Device Fill Rate Reference
The total pixel budget depends on device fill rate — the one value that varies per hardware. Everything else is derived from geometry and scene structure.
Calibration
Render a known workload (e.g., full-screen solid rect) and measure:
pixels_per_ms = (screen_width × screen_height) / render_time_ms
Reference Values (order-of-magnitude)
| Platform | Expected pixels_per_ms |
|---|---|
| Desktop GPU (discrete) | ~500M |
| Desktop GPU (integrated) | ~100M |
| WebGL (WASM, desktop) | ~50-100M |
| WebGL (WASM, mobile) | ~10-30M |
Chromium Reference
Chromium's cc/ compositor collects similar metrics but uses them differently:
| Metric | Chromium Location | Chromium Usage |
|---|---|---|
TotalOpCount() | cc/paint/display_item_list.h | Solid-color analysis gate |
num_slow_paths_up_to_min_for_MSAA() | cc/paint/display_item_list.h | Page-level GPU raster veto |
has_save_layer_ops() | cc/paint/display_item_list.h | LCD text decision |
has_non_aa_paint() | cc/paint/display_item_list.h | Antialiasing decisions |
BytesUsed() / OpBytesUsed() | cc/paint/display_item_list.h | Tracing / debugging |
AreaOfDrawText() | cc/paint/display_item_list.h | Text coverage statistics |
| Solid color analysis | cc/tiles/tile_manager.cc | Skip rasterization for uniform tiles (kMaxOpsToAnalyze = 5) |
Chromium does not perform per-tile raster cost prediction. Tile scheduling is purely spatial (viewport distance + scroll velocity) with a memory budget constraint. Their architecture tolerates stale tiles (multi-threaded raster catches up across frames). Ours cannot — we render single-threaded with a hard per-frame deadline, requiring predictive budgeting.

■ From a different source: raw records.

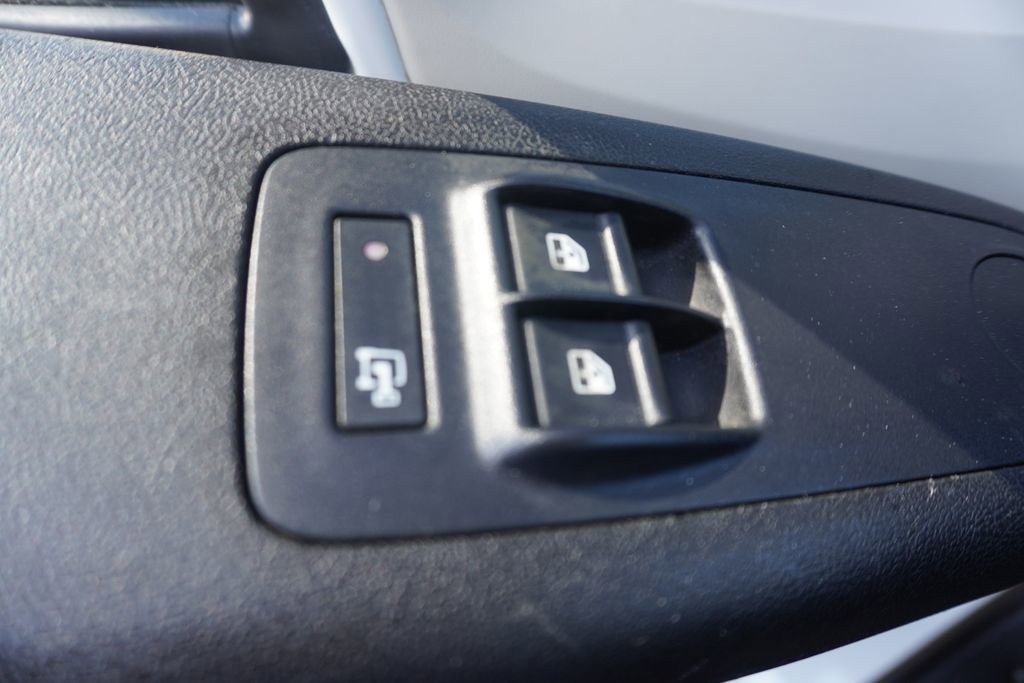 Used 2019 RAM ProMaster 2500 FWD image 9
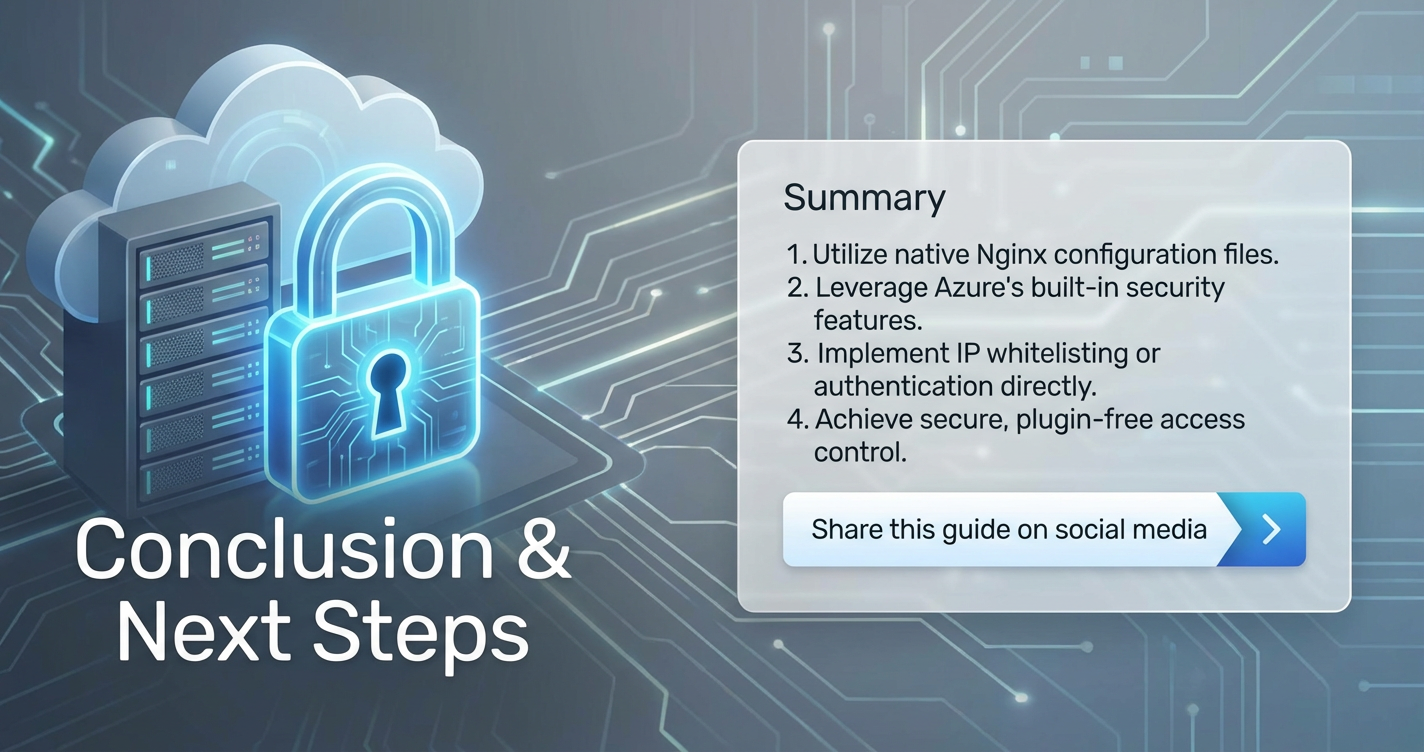 Article Summary Image
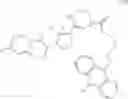 Fig. 27 - Method for measuring aromatase activity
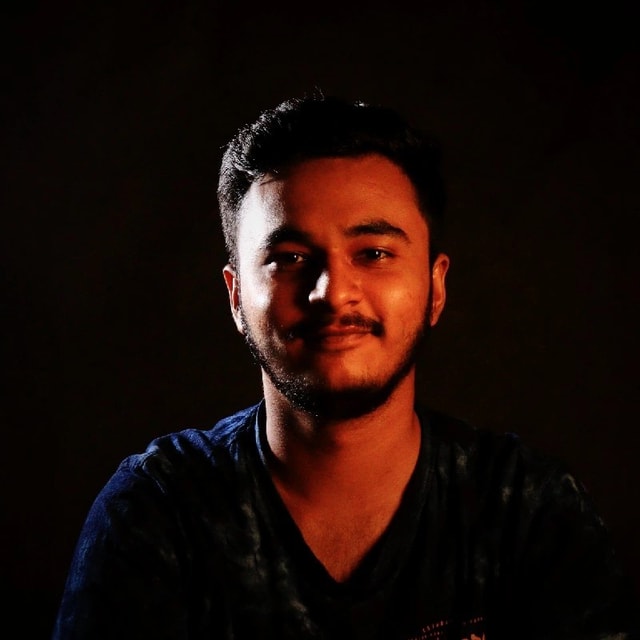 Atharva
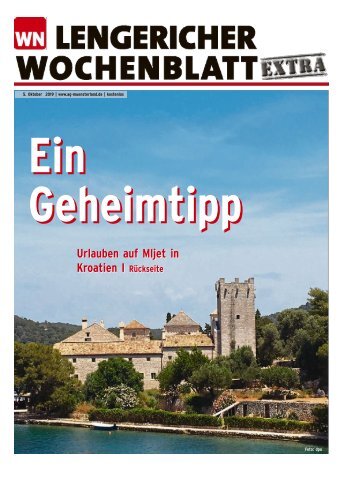 lengericherwochenblatt-lengerich_05-10-2019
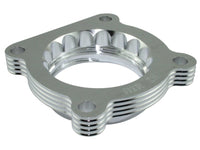 aFe Silver Bullet Throttle Body Spacers TBS Jeep Wrangler (JK) 07 - 11 V6 - 3.8L - My Store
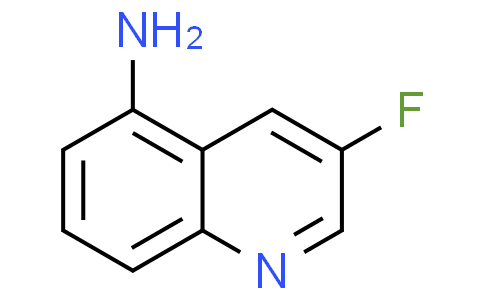 155014-05-4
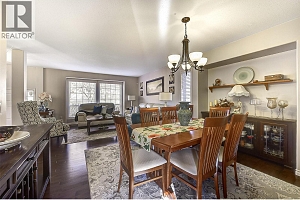 3625 Glen Abbey Court - Photo 8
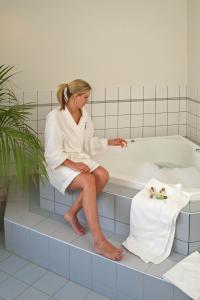 Best Western Alexander Motor Inn And Apartments - Accommodation in Brisbane 3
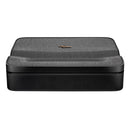 Optoma PH31UST Photon DLP 3 Laser 1080p Full HD Smart Ultra Portable Projector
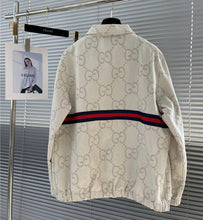 Load image into Gallery viewer, Gucci jacket
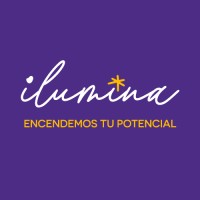 Ilumina Coaching Argentina logo - Similar company to Coaching Mendoza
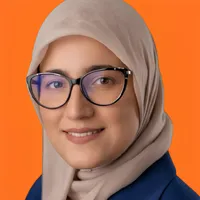 Hafidha Najjar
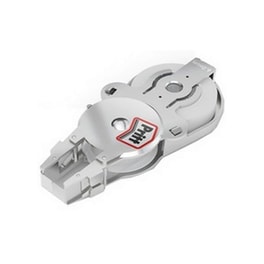 Ανταλλακτικό Roller Pritt 4,2 x 12mm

Local source: /Users/softmarshmallow/Documents/Github/chromium/cc/
Skia Picture Metrics (Available for Free)
Skia's Picture object exposes complexity metrics that are already
computed during recording and cost nothing to query:
| Method | What it returns | Use |
|---|---|---|
approximate_op_count() | Number of draw operations recorded | Secondary complexity signal |
approximate_bytes_used() | Serialized size of the picture | Memory pressure / complexity proxy |
These are stored fields, not computations. They complement the pixel-area model by capturing path complexity variance (a 1000-op picture with complex beziers vs. a 3-op picture with simple rects at the same pixel area).
Linearity Bounds
The fill-rate model is linear under these conditions:
| Condition | Linear? | Notes |
|---|---|---|
| Work above ~10K pixels | Yes | Below this, GPU launch overhead dominates (flat floor) |
| Spatial texture access (normal 2D) | Yes | Bandwidth-bound, no cache thrashing |
| Random texture access | Can be super-linear | Rare in 2D rendering |
| Tile-based GPU (mobile) | Mostly | Large nodes spanning many tiles add per-tile overhead |
| Thermal throttling | N/A | Between-frame variance, not within-frame |
| VRAM pressure / swapping | Non-linear | Catastrophic; avoid by staying within budget |
For typical 2D canvas rendering (spatial access, nodes > 10K pixels), the linear model holds.